I’ve had the pleasure of growing up with two older sisters by my side since the day I was born. There’s a bit of sarcasm in that sentence because yes, sisters are like permanent best friends, but they’re not always rays of sunshine. We tend to fight, a lot, but I’m truly blessed to have them in my life regardless. My sisters have taught me more than they realize. One of the many gifts they’ve given me is the ability to not take things too personally. I’ve learned this through their uncanny way of being brutally honest when I need to hear it. I know they’ve made comments to me because they care, and I’ve learned to take their comments as constructive criticism instead of as personal attacks.

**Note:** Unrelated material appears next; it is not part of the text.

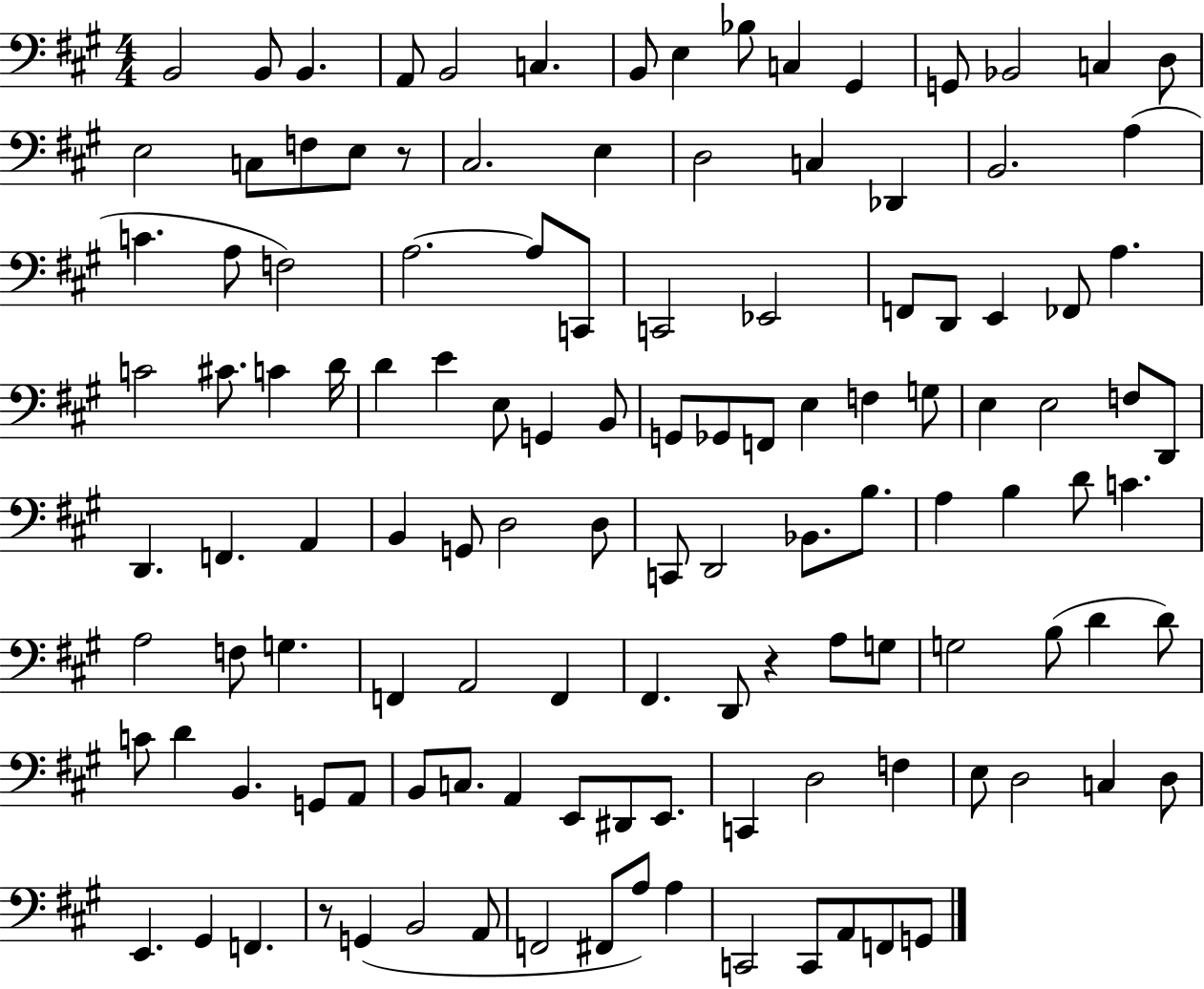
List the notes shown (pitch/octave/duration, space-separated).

B2/h B2/e B2/q. A2/e B2/h C3/q. B2/e E3/q Bb3/e C3/q G#2/q G2/e Bb2/h C3/q D3/e E3/h C3/e F3/e E3/e R/e C#3/h. E3/q D3/h C3/q Db2/q B2/h. A3/q C4/q. A3/e F3/h A3/h. A3/e C2/e C2/h Eb2/h F2/e D2/e E2/q FES2/e A3/q. C4/h C#4/e. C4/q D4/s D4/q E4/q E3/e G2/q B2/e G2/e Gb2/e F2/e E3/q F3/q G3/e E3/q E3/h F3/e D2/e D2/q. F2/q. A2/q B2/q G2/e D3/h D3/e C2/e D2/h Bb2/e. B3/e. A3/q B3/q D4/e C4/q. A3/h F3/e G3/q. F2/q A2/h F2/q F#2/q. D2/e R/q A3/e G3/e G3/h B3/e D4/q D4/e C4/e D4/q B2/q. G2/e A2/e B2/e C3/e. A2/q E2/e D#2/e E2/e. C2/q D3/h F3/q E3/e D3/h C3/q D3/e E2/q. G#2/q F2/q. R/e G2/q B2/h A2/e F2/h F#2/e A3/e A3/q C2/h C2/e A2/e F2/e G2/e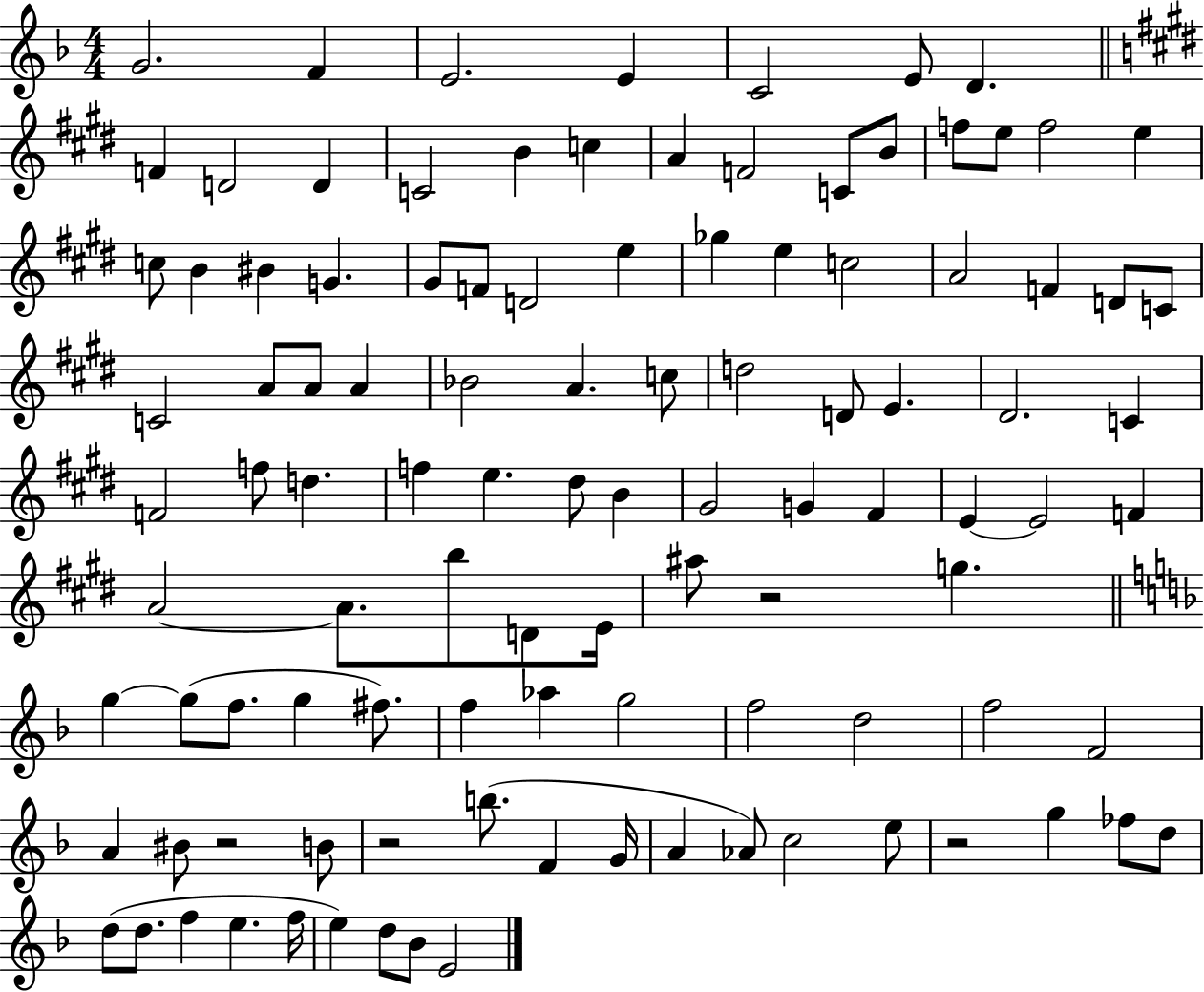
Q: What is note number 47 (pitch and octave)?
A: D#4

Not taking things personally is not the easiest task in the world; I struggle with it every day, but what my sisters have taught me makes it easier, and I’d like to share them here with you.
1. “A tiger doesn’t lose sleep over the opinions of sheep” – Unknown
After quite an embarrassing mishap in a Chemistry lab, I was upset over comments made by other students in the room. I called my sister to talk about it, and her advice brought me out of my gloom. She very bluntly told me that I wasn’t a “science” person but hey, I tried my best doing the experiment, and that’s all that mattered. I shouldn’t care what the kids said; I hardly knew them anyway. What can I say? She was absolutely right. Realizing whose opinions matter gives you control, and it’s empowering to know that you have that choice of who influences your life. Think about it: How many people have a true impact on the way you feel, think, and behave? Your answer probably includes some of your family, best friends, and maybe a professor. The number is rather small compared to the amount of people you interact with on a daily basis. So why should a negative comment (intended or unintended) by someone you barely know, influence your thoughts?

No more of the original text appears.